Monthly Archives: January 2015

Dealing with Grief

Recently a Facebook friend of mine has been posting about appropriate ways to handle situations where people are grieving. I was happy she did it, because she addressed some of the ways that we can be unhelpful to people when they are going through difficult times. I think that most of us truly do want to help and have the best intentions, but sometimes we say things that send implicit (hidden) messages to people that they should get over it and move on. While we certainly wouldn’t wish for anyone we love to be grieving forever, it’s important to give people the time they need to go through the process. It’s natural to feel sad, upset, angry, and frustrated at the occurrence of a loss. So, what do we need in the face of grief?

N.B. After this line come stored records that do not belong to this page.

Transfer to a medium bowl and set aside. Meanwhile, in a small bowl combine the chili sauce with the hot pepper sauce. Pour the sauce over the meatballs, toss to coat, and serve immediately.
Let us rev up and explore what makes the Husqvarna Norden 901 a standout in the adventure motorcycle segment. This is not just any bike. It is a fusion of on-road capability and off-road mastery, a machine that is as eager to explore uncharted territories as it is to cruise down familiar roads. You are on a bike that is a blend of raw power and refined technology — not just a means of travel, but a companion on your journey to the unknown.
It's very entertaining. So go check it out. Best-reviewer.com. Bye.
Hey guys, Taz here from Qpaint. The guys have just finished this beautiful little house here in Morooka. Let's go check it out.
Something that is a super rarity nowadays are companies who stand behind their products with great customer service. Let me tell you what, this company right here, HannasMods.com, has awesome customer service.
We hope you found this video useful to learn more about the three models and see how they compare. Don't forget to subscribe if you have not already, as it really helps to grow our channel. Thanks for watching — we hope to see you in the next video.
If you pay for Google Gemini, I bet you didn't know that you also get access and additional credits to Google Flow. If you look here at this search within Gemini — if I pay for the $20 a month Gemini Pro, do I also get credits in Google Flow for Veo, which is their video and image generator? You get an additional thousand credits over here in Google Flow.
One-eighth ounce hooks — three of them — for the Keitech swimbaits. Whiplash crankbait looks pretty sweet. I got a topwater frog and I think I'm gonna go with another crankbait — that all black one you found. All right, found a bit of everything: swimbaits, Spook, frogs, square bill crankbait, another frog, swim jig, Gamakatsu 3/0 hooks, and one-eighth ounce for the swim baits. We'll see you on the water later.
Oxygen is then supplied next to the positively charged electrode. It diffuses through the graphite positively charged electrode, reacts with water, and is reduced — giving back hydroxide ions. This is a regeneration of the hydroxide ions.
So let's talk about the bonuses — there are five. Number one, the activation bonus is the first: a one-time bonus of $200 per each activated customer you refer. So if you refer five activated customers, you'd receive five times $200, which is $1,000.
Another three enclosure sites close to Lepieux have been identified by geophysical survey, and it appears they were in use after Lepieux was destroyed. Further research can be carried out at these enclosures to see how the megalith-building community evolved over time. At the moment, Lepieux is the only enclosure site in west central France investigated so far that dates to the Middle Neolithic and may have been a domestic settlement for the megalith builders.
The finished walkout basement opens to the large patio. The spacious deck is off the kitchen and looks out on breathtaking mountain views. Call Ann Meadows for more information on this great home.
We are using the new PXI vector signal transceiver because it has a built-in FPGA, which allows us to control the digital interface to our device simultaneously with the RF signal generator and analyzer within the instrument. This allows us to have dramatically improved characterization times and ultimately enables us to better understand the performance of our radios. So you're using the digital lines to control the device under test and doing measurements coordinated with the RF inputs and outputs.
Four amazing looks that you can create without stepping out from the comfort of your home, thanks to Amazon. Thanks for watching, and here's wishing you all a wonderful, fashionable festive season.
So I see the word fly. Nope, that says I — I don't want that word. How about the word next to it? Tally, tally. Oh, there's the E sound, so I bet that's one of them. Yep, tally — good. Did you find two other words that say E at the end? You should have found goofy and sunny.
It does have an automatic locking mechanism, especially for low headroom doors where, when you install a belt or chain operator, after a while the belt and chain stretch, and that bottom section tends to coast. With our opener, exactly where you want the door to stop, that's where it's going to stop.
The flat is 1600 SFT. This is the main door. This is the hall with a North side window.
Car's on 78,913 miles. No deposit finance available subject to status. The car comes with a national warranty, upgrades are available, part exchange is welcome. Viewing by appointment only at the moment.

1. Time- It is a natural human response to a loss to feel the need to get away for a while. Sometimes, people don’t feel like being bothered, and sometimes they feel fine. There is no prescription for grief and everyone’s process is different. Give yourself time to feel the loss and throw all the stuff about how you are “supposed” to grieve out the window. Often, people can have a delayed response. So, it could be really meaningful if you drop and email or call 2-3 weeks after a loss, when most other people have gotten back into the swing of their lives.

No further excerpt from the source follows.